Step 2. Creating a Team
A club is nothing without its members, quite literally. You’ll need a hardworking team around you as you try to build something from scratch, and it’s of the utmost importance that the founding members fit the bill. For new clubs, another parameter to judge members on is their ability to contribute immediately, like with the roles of Public Relations and Treasurer. Finding people who share your enthusiasm and are willing to put in the effort can be a daunting task, and you’ll be inclined to ask your close friends to fill in spots. It’s best to be cautious when dealing with your best buds, you don’t want to end up with disputes within the clubs that affect relationships outside of work.
Step 3. Finding a Mentor
The faculty advisers are the most underrated individuals of a club. They link the college authorities and the executive board of the club. So, it’s a good idea to rope in a teacher who will share your vision and ideologies. He/she will help you lay down the foundations, and will guide you through administrative gibberish.
Step 4. Getting the Process Started
Filling out the form is the first actual step you will take towards giving birth to your club. The form available at the Department of Student Welfare require your basic details, the purpose of the club/team and its hierarchy to be elaborately enlisted. The important part is the presentation, which will be judged by the Associate Director of Student Welfare, Dr. Narayana Shenoy, impressing whom will be your first hurdle. Make sure that you know what you are doing, and have everything planned out.
Step 5. Finishing Touches
The final step of the process is to take your teacher in-charge along, and present your idea to the Joint Director of MIT. After his approval, you will be granted permission to create your own college club, and go down in the history books of MIT as part of a very exclusive group of club founders. This presentation should be crisp and precise, and if you do your homework, you could be the president of your very own club by the end of the day.
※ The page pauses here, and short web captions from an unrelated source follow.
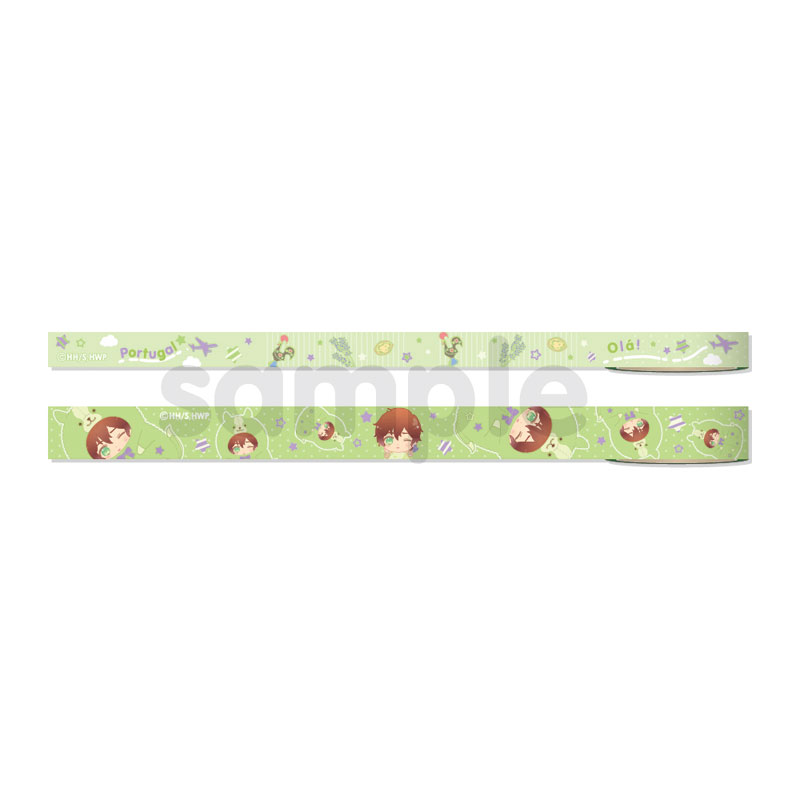 GOODS-04144129_01.jpg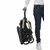 CHICCO KOLICA GOODY X PLUS DARK SHADOW
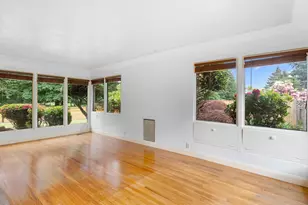850 NE 148th Ave, Portland, OR 97230 - Photo 10
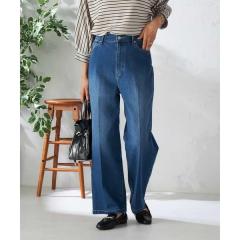 �A�[�E���F�E���F�ia�Dv�Dv�j/�y�G��InRed(�󓇎�)11�����f�ځz�X�g���b�`�f�j�����C�h�p���c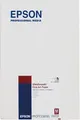 Produktbild: Epson UltraSmooth Fine Art - Natural White - A3 (297 x 420 mm)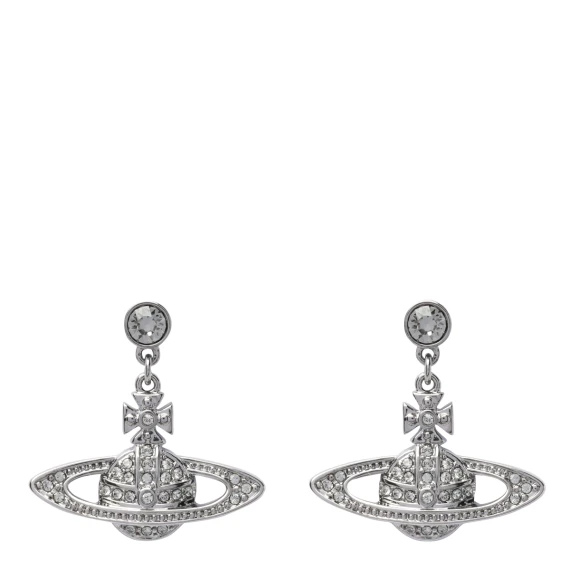Bijoux Silver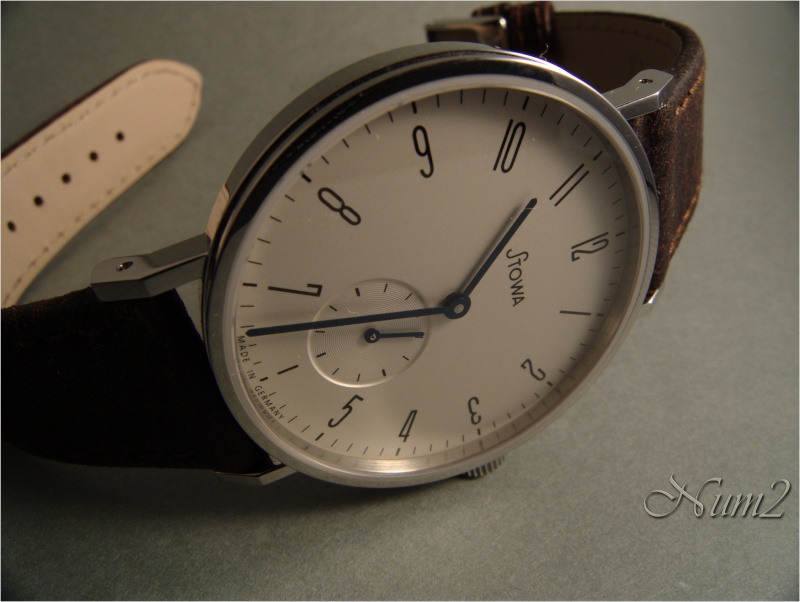 Stowa Fan Club - Vol II Stowa210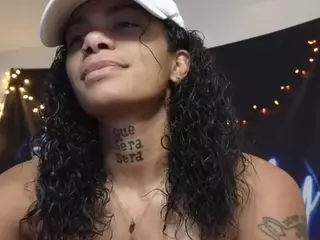 lauren24hammelton's Live Sex Cam Show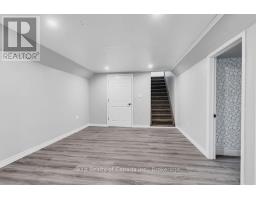 285687 AIRPORT ROAD - 34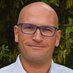 Christophe Le Faucheur 3G IMMO CONSULTANT (@clf_3gimmo) Twitter profile photo Christophe Le Faucheur 3G IMMO CONSULTANT (@clf_3gimmo) Twitter profile photo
Now’s the time to recruit students into your club, for which you will need a solid marketing and advertising strategy. Every club hosts general body meetings, which are open to prospective members. The Student Council oversees all club-related activities, it’s best to be in constant touch with them. Also, depending on whether your club being technical or non-technical, your club will be expected to contribute during TechTatva or Revels respectively. With the college already fostering half a hundred clubs, you may face difficulty establishing a foothold early on, but persistent hard work and self-belief will lead eventually lead you to success. Best of luck!